Il s’agit notamment de mon savoir-faire, acquis en partie durant ma formation de tournage en céramique suite à laquelle j’ai obtenu un CAP (même si là, je peux identifier son coût – 14 500€ 😉 mais aussi des compétences acquises lors de mes vies professionnelles précédentes, qui tout autant que mon histoire personnelle viennent aujourd’hui nourrir ma pratique d’artisane. Tout cela fait la singularité de ma création.
Ça n’est pas quantifiable, ça n’a pas véritablement de prix, mais ça a de la valeur et ça contribue à part entière à définir l’artisanat.

La marge dégagée sur chacune des ventes, en plus d’assurer une trésorerie vitale à la survie d’une entreprise (qui dans l’idéal devrait avoisiner au moins les 30%), peut peut-être venir prendre en charge un petit peu de cela…

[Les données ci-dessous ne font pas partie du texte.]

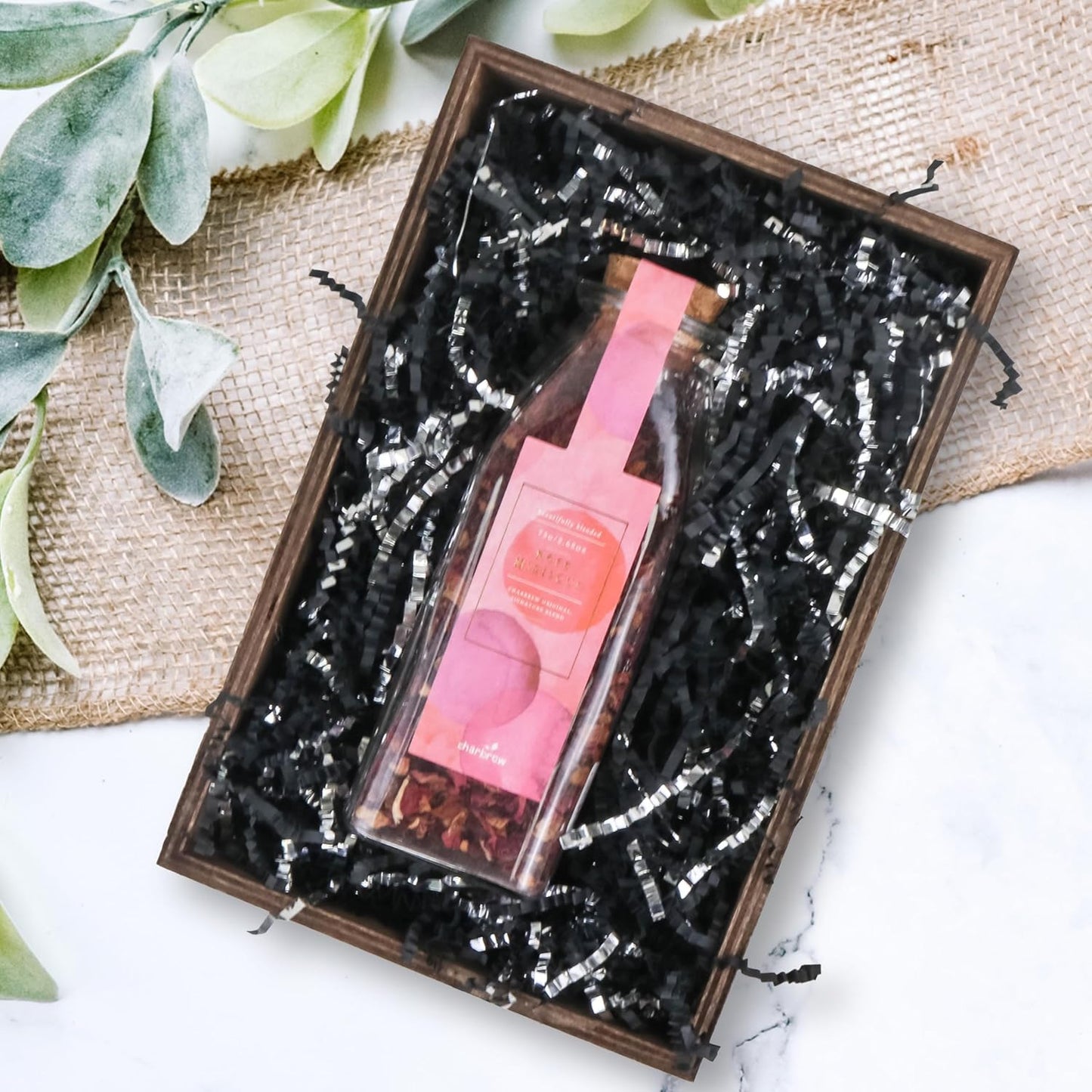 MagicWater Crinkle Cut Paper for Gift Baskets - 2LB - Black & Silver - Perfect for Shredded Paper Filler, Basket Filler, Gift Boxes, Bridesmaid Gifts, Halloween Stuffers & More – For All Occasions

Quoi qu’il en soit, lorsque vous faites le choix de l’artisanat, vous contribuez de façon non négligeable à soutenir un écosystème fragile mais engagé. Vous permettez aussi de promouvoir et préserver des savoir-faire ancestraux et singuliers. Et cerise sur le gâteau, vous faites rayonner un.e artisan.e, au propre comme au figuré.
Alors pour ça, pour vos choix et votre enthousiasme, MERCI !!
Très bonne idée de faire un article sur le prix d’un objet céramique de fabrication artisanale en précisant tout ce qui se cache derrière.
C’est une bonne approche pédagogique pour le consommateur et un bon point de repère pour les collègues.
Bon courage pour la suite.
Patricia, céramiste fraîchement diplômée de Fakto Biarritz, en démarrage d’activité et en pleine réflexion stratégique.
Bonsoir Patricia,
Toutes mes félicitations pour ton diplôme !
Et merci beaucoup pour ton retour.
Il est vrai que c’est une sacrée histoire que celle des prix, avec tant de paramètres ! 😅 Ravie d’y contribuer à ma façon, modestement. Et c’est vrai qu’on a besoin de repères !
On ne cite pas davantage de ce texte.